Tuesday, February 28, 2017

Trump to Recommend New Budget

By Douglas V. Gibbs
AuthorSpeakerInstructorRadio Host

Trump's budget could care less about Democrats, Republicans, or politics in general.  It's the people's budget, full of his campaign promises.  Where he promised something would increase, the money went up.  Where he promised to reduce spending, the money goes down.  And, he's saying he will get our country funded in a manner a business is...cutting the fat, cutting unnecessary spending, and making it a well-oiled machine.
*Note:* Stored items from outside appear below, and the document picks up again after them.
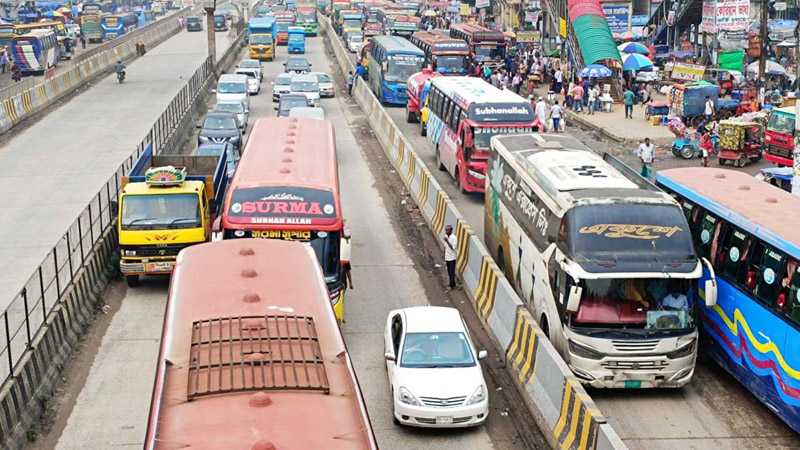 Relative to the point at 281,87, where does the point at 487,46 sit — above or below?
above

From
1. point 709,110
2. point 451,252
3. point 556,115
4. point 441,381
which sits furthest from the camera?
point 556,115

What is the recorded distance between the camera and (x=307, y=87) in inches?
1992

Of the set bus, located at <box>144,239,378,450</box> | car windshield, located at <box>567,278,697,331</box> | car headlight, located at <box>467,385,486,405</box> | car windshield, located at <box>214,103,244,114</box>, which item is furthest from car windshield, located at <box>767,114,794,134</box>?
bus, located at <box>144,239,378,450</box>

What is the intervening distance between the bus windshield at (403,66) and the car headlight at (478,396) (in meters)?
35.9

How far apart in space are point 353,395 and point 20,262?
16835 millimetres

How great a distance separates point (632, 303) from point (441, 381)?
3223 millimetres

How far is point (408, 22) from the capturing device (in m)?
77.5

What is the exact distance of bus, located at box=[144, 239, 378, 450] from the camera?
9828mm

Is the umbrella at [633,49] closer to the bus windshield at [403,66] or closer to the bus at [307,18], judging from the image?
the bus windshield at [403,66]

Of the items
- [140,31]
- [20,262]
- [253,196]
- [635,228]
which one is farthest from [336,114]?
[140,31]

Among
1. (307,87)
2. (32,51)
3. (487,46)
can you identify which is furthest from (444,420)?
(32,51)

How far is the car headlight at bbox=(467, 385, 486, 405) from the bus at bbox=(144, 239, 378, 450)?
9.30ft

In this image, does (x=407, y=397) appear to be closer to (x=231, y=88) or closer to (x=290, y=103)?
(x=290, y=103)

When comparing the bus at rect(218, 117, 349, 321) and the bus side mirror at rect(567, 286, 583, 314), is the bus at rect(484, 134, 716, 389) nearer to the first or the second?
the bus side mirror at rect(567, 286, 583, 314) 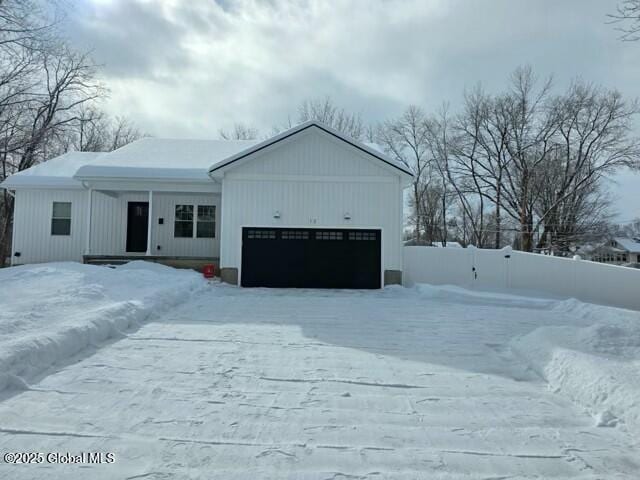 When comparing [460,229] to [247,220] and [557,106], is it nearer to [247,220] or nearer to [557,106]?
[557,106]

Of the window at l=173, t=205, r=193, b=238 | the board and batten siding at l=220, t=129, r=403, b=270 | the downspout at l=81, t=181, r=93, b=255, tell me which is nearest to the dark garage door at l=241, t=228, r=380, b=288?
the board and batten siding at l=220, t=129, r=403, b=270

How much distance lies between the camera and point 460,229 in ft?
117

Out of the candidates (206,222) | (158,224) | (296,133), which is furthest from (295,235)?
(158,224)

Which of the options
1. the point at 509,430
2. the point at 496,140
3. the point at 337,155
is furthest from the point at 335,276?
the point at 496,140

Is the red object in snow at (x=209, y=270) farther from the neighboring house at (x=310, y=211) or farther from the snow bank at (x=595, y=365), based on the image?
the snow bank at (x=595, y=365)

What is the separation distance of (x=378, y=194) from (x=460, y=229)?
24.5 meters

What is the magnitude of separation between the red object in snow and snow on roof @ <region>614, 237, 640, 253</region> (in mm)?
52902

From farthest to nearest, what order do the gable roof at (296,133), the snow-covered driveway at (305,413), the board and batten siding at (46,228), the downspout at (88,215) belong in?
the board and batten siding at (46,228) → the downspout at (88,215) → the gable roof at (296,133) → the snow-covered driveway at (305,413)

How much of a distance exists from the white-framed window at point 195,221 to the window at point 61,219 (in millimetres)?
4014

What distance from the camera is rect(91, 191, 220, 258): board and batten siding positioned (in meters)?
15.6

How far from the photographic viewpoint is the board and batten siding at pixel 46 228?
15.5m

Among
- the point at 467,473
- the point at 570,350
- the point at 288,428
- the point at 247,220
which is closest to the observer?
the point at 467,473

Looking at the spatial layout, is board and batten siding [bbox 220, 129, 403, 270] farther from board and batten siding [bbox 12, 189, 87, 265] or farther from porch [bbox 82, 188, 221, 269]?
board and batten siding [bbox 12, 189, 87, 265]

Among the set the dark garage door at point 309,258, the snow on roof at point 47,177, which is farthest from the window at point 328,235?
the snow on roof at point 47,177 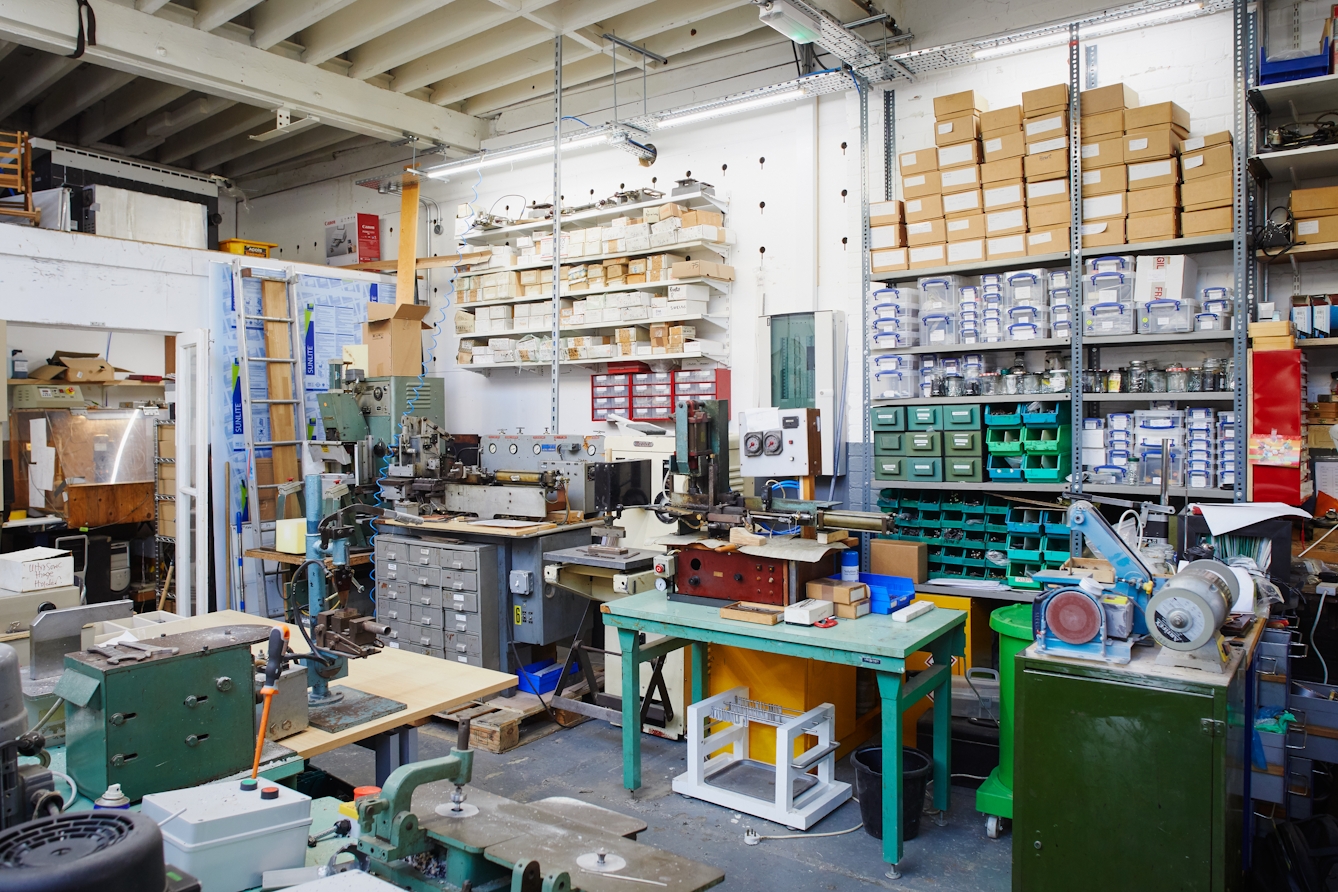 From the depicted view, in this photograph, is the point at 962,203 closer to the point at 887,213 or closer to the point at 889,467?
the point at 887,213

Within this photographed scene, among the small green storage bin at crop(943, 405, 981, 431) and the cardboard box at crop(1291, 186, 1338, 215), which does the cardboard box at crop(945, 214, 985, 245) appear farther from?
the cardboard box at crop(1291, 186, 1338, 215)

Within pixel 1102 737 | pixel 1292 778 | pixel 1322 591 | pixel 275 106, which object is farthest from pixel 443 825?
pixel 275 106

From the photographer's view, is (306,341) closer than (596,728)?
No

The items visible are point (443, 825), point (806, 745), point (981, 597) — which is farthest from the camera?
point (981, 597)

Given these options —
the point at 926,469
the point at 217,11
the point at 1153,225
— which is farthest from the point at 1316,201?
the point at 217,11

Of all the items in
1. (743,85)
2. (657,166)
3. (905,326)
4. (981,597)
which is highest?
(743,85)

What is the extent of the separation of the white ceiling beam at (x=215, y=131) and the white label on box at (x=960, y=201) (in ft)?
17.8

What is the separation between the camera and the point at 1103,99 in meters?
3.90

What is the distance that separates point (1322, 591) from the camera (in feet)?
9.34

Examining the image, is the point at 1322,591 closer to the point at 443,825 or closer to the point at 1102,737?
the point at 1102,737

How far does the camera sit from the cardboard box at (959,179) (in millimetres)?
4238

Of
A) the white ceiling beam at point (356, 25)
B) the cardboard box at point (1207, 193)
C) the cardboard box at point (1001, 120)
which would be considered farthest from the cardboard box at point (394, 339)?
the cardboard box at point (1207, 193)

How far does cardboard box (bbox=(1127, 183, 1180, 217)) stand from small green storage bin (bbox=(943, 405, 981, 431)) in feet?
3.64

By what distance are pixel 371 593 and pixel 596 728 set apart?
212 centimetres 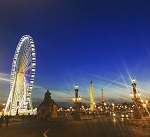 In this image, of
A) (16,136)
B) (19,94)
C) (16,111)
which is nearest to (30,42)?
(19,94)

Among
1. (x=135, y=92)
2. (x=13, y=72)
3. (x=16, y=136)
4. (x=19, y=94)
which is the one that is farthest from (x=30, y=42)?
(x=16, y=136)

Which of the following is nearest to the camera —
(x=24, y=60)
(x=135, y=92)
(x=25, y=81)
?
(x=135, y=92)

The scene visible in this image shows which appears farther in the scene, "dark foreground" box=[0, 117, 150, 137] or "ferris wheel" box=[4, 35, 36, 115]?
"ferris wheel" box=[4, 35, 36, 115]

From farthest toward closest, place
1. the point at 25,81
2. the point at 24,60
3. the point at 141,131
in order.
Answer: the point at 25,81 < the point at 24,60 < the point at 141,131

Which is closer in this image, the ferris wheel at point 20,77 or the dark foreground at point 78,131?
the dark foreground at point 78,131

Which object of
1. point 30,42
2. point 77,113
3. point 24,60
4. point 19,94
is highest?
point 30,42

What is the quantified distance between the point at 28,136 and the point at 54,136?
2.15 m

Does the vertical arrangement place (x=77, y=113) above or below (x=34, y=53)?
below

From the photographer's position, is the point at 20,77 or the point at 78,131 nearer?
the point at 78,131

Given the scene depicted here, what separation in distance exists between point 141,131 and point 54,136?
275 inches

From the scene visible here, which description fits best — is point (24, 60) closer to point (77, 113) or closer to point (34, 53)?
point (34, 53)

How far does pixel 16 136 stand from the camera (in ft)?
58.4

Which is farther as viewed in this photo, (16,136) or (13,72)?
(13,72)

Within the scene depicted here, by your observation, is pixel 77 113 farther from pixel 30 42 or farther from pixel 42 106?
pixel 30 42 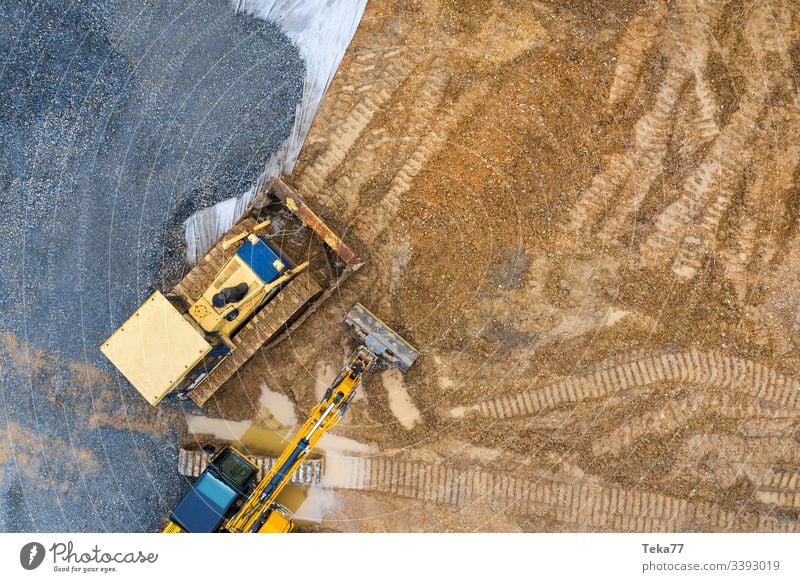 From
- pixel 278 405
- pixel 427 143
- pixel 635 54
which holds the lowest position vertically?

And the Democrats are ticked off and out of their minds.  The White House plan includes an increase in defense and national security spending by $54 billion (a 3% increase from Obama's numbers), and Trump plans to cut the same amount from non-defense programs.

Trump says "we have to start winning wars again," and "peace through strength."

Sounds "Reaganesque," doesn't it?

No, Trump is not the new Reagan.  He's Trump.  But, he seems to be more Republican in what us Reagan supporters remember, than anyone else in the Republican Party.

How did the Republicans become so unRepublican?

President Trump is also going to propose a $10 trillion spending cut over ten years – or $1 trillion per year. This is entirely reasonable considering the scale and scope of government.  Back during the tale-end of Dubya's presidency, a friend of mine and I went through the federal budget and determined that 85% of federal spending is unconstitutional.  While I don't believe we should pull the rug out from under Americans on all of those things, but rather reform slowly until the federal government is removed from things it has no authority being involved with, a reduction in spending with the word "trillion" attached seems like a wonderful start.

President Trump’s economic plan is based on a conservative prediction of economic growth being at 4% (which is still robust when compared to Obama's one-percenters).  Four percent growth equals an additional $1 trillion added to GDP.  The tax revenue from the GDP growth is $200 billion/per year (1/5th of $1 trillion). Or $2 trillion over the 10-year projection.  And to be honest, with tax cuts coming, the growth will likely be even greater because the tax cuts will encourage investments, new businesses, and expansion of existing businesses.  And, with more people making more money in an economy designed to fuel the free market, tax revenue will be even greater than anticipated. . . I am anticipating.